Ноги сами подняли её с лежанки. Половицы молчали — впитали столько влаги за зиму, что стали глухими, ватными. В углу, у остывшего очага, стояла кадка с водой. Зачерпнула ладонью — и замерла. Кадка оказалась почти пуста. Она забыла, когда набирала воду. Забыла, когда пила сама. На дне плескалась жалкая горстка — мутная, тёплая, с радужной плёнкой на поверхности. Поднесла ладонь к лицу. Вода пахла пустотой. Так пахнет воздух в заброшенном погребе. Так пахнет то, из чего ушло всё живое.

Рубаха, которую она надела перед первым нырком, всё ещё держалась на плечах — мокрая, холодная, прилипшая к телу. Та самая, его. С кривой вышивкой по подолу, выведенной иглой сотню лет назад. Так и не сняла её. Рубаха стала частью кожи, как шрам на скуле, как обломанные ногти. Она напоминала о нём — о том, кто когда-то сказал: «Ты пахнешь землёй. Я люблю землю».

Потребовалось усилие, чтобы подняться. На ощупь нашла трут и кресало, высекла искру.
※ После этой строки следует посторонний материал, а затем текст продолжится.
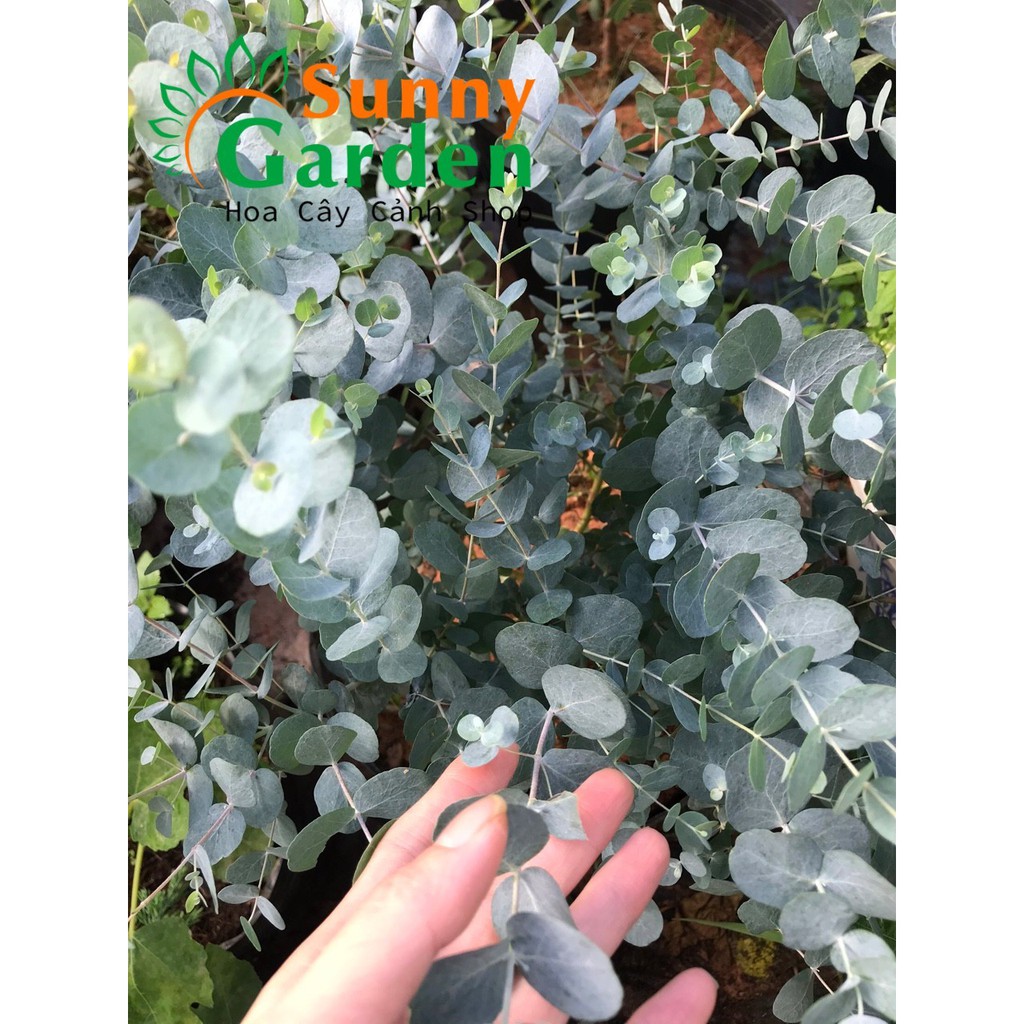 Cây Khuynh Diệp  - Cây Phong Thủy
Огонь занялся с неохотой — дрова отсырели за долгую зиму, от них шёл пар, пахнущий плесенью. Когда пламя наконец лизнуло растопку, по хижине поплыл дрожащий золотистый свет.

С полки спустился глиняный горшок с остатками речной глины — жирной, вязкой, намешанной осенью на дальнем берегу, где ил был синим и пах железом. Ком вытряхнулся на столешницу. Пальцы принялись месить.

Работала молча.

Глина была холодной, неподатливой. Вдавливала в неё пальцы — те самые, с содранными подушечками, ещё утром скребущие его чешую. Холод глины встретился с холодом её ран, и на секунду она перестала различать границу между собой и тем, что мяла в руках. Глина забивалась под ногти, в трещины на коже, смешивалась с сукровицей. Боль шла тупая, почти уютная — знакомая боль работы. Это было про другое. Не про отвержение.
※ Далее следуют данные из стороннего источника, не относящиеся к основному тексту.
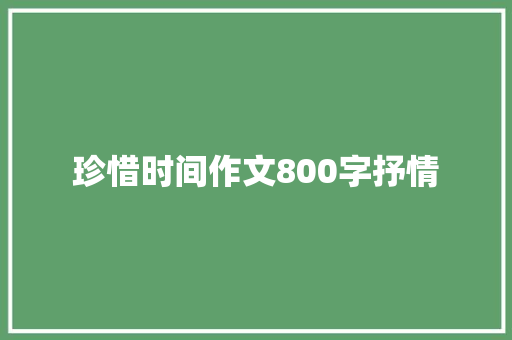 珍惜时间作文800字抒情 论文范文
Когда-то, в молодости, Кикимора на дух не переносила этот запах. Запах сырой земли, речного песка, чего-то глубинного, донного. Ей казалось — он въедается навсегда, ей никогда не отмыться, не стать лёгкой и чистой, как русалки с их пенными волосами и прозрачными голосами. Завидовала им — их лёгкости, их свободе, их умению скользить по воде, оставляя лишь круги. А она всегда оставляла след. Всегда была слишком тяжёлой. Слишком земной.

А потом она встретила его.

Он пришёл к ней в первый раз с куском глины в руках. Такой же — синей, жирной, пахнущей дном. Протянул этот ком, мокрый, холодный, и сказал: «Лепи. Я хочу посмотреть, что ты умеешь». Лепила тогда плошку — кривую, толстостенную, ни на что не годную. Он взял её в руки, ещё не обожжённую, ещё мягкую, и долго разглядывал. Потом улыбнулся — той самой тяжёлой, медленной улыбкой, похожей на течение реки в половодье.